Na referida ode Andreia Donadon se beneficia, digamos assim, de algumas medidas impressionistas, como a liberdade formal (profusão de cores e extinção do traço) e, igualmente, da deformação pictórica. Com talento, ela abusa da magia das cores, misturando as primárias para obter uma terceira secundária ou binária. No tocante ao claro-escuro, manipula o volume e tira proveito da forma-luz, para extrair drama e sentimento.  (“As sombras não são pretas nem escuras, mas luminosas e coloridas”, diziam os impressionistas.) Toda a arte moderna e pós-moderna, de uma maneira geral, é beneficiária da revolução artística legada pelo impressionismo.

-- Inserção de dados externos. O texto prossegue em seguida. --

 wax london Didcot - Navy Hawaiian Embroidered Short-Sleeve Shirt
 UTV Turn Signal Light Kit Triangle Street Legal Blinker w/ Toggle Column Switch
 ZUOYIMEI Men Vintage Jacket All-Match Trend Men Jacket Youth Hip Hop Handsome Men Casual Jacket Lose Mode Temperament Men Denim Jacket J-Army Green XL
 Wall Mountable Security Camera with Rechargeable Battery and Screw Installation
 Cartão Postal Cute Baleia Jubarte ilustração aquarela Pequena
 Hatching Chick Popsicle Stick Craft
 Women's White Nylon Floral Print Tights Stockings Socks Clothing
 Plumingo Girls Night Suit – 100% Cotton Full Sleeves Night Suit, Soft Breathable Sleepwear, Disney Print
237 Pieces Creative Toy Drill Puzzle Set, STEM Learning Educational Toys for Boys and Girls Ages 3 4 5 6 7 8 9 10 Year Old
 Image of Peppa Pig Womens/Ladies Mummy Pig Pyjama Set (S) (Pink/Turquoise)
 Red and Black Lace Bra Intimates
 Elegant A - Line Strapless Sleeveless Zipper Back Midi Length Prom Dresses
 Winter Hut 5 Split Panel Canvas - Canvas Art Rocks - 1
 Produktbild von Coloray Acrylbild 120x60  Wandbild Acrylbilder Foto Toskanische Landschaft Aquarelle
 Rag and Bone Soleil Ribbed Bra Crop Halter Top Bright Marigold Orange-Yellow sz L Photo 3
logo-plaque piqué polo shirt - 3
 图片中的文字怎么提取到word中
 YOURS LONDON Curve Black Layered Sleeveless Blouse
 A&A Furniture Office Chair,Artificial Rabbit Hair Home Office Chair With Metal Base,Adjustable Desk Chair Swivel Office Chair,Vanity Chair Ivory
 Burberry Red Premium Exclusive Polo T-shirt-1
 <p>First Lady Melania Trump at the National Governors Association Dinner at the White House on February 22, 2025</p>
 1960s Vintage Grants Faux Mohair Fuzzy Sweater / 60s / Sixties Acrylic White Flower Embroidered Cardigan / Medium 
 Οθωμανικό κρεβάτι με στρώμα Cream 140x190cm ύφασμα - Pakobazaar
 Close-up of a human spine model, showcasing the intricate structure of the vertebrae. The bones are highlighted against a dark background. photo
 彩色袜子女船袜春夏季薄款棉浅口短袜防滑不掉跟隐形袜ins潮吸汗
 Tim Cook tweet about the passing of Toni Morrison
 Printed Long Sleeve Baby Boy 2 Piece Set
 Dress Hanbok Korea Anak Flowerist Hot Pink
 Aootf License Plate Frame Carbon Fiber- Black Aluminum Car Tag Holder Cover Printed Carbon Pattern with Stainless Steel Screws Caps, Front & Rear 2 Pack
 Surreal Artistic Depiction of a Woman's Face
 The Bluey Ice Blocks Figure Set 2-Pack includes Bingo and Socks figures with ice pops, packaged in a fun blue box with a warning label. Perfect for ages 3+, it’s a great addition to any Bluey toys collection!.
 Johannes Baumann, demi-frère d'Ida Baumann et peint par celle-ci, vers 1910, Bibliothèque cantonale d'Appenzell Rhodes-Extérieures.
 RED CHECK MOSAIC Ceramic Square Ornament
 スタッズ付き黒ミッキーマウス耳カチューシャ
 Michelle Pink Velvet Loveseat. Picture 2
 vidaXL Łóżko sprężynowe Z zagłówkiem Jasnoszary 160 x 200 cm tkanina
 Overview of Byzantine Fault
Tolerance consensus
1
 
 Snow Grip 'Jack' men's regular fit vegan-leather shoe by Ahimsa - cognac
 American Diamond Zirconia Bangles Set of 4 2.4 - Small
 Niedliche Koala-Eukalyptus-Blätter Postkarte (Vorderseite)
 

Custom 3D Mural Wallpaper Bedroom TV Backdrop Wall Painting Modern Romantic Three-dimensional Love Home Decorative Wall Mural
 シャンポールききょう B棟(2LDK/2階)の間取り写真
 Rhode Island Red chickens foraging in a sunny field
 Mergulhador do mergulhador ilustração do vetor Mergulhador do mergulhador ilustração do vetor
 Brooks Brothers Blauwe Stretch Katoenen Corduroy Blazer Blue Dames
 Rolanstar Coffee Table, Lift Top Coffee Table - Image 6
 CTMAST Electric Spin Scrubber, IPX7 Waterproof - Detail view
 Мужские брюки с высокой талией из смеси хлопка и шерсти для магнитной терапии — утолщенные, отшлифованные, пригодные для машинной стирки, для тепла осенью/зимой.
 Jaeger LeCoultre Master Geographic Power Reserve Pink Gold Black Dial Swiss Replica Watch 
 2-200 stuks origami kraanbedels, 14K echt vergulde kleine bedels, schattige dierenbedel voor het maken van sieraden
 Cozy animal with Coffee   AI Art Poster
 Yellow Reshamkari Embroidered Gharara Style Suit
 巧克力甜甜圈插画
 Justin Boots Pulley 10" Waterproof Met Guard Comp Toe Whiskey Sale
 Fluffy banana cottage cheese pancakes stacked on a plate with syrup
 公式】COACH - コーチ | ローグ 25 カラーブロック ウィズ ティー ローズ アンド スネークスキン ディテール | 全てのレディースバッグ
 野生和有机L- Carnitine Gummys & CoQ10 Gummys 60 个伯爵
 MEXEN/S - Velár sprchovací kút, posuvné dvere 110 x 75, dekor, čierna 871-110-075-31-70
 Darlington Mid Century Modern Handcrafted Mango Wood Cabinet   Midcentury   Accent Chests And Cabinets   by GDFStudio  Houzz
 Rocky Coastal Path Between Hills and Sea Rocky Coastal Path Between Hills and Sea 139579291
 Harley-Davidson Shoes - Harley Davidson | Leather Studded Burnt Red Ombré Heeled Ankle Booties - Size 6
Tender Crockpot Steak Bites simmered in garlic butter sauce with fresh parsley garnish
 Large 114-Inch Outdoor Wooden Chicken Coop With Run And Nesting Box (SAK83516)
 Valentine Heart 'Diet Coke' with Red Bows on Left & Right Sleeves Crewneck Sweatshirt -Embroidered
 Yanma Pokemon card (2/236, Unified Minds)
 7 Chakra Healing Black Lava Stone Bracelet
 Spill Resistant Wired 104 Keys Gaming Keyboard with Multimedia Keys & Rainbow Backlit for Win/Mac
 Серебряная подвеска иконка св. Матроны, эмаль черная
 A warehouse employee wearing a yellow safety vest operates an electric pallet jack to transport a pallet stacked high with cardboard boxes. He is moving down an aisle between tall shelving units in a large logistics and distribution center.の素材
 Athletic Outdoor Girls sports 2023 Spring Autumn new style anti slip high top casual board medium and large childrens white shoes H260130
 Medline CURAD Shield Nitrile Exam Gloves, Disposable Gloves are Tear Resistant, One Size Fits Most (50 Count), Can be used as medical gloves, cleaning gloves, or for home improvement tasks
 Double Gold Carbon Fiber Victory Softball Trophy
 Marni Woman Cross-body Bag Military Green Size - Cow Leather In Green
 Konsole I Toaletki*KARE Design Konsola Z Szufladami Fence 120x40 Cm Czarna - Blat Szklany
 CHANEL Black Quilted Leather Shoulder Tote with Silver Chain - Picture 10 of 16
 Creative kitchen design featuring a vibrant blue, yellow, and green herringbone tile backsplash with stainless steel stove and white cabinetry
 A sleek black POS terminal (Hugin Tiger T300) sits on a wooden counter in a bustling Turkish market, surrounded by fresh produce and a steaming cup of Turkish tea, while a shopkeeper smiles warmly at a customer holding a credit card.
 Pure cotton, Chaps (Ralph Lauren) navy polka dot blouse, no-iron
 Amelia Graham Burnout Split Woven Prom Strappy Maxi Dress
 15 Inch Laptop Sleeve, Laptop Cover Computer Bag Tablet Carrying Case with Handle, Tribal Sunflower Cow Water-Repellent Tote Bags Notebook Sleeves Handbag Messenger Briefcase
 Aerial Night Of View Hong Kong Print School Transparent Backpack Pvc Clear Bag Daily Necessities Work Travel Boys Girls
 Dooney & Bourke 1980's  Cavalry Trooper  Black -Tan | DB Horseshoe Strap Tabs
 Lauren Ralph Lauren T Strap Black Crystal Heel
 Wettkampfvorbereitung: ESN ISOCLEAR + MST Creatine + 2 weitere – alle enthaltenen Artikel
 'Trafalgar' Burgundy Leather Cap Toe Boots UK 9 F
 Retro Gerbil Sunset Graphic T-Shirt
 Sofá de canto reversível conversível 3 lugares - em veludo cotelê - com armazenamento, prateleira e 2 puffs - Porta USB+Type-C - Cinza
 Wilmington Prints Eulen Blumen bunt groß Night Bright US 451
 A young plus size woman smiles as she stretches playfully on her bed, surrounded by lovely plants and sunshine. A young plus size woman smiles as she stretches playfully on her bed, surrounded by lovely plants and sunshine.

Já em “Jardim de Poesia” (acrílica sobre tela – 0,80cm por 0,60cm – de 2023), a pintora segue subvertendo os limites impostos pela linha e, por consequência, não economizando nas pinceladas. O resultado de tanta liberdade é uma pintura forte, sugestiva e absorvente ao mesmo tempo. A mistura de tonalidades (ou a simples justaposição de tons) imprime dramaticidade à obra que, por sua vez, suscita emoção e cobra receptividade de quem a contempla. As imagens sugestionadas – pelo efeito da pareidologia – aproximam o observador da obra de arte. Emociona e/ou diverte. O apelo icônico, correspondido ou não, fala à imaginação e cada pessoa reage de uma maneira única e absolutamente válida. Independente do nível de envolvimento emocional ou intelectivo, o nome disso é recepção estética.

Eis aí um poema não verbal de grande expressividade que, em vez de palavras, versos e rimas, se mune de pinceladas, ritmos e muito colorido. Em vez de voz, volume; de lirismo, dramaticidade. Enfim, uma metáfora verbo-visual repleta de indícios e sugestões que, ao fim e ao cabo, nos conduz ao “locus amoenus”: jardim poético!

Por fim, mas não menos impactante, vamos de “Queimada” (acrílica sobre tela – 0,70cm por 0,50cm – de 2012), em que Deia, com talento e arte, esbanja competência pictórica e exuberância cromática, de sorte que somos levados a recuperar nomes importantes da arte moderna, como Paul Cézanne, Van Gogh e Yves Duplessis (esse recomendava: “É preciso esquecer todo e qualquer preconceito estético, razão e lógica, para apreciar tais obras”, referindo-se às obras surrealistas, próprias e alheias); e da arte contemporânea, como Frans Krajcberg, especialmente o ativista com suas árvores queimadas e esculpidas, no melhor estilo arte/protesto.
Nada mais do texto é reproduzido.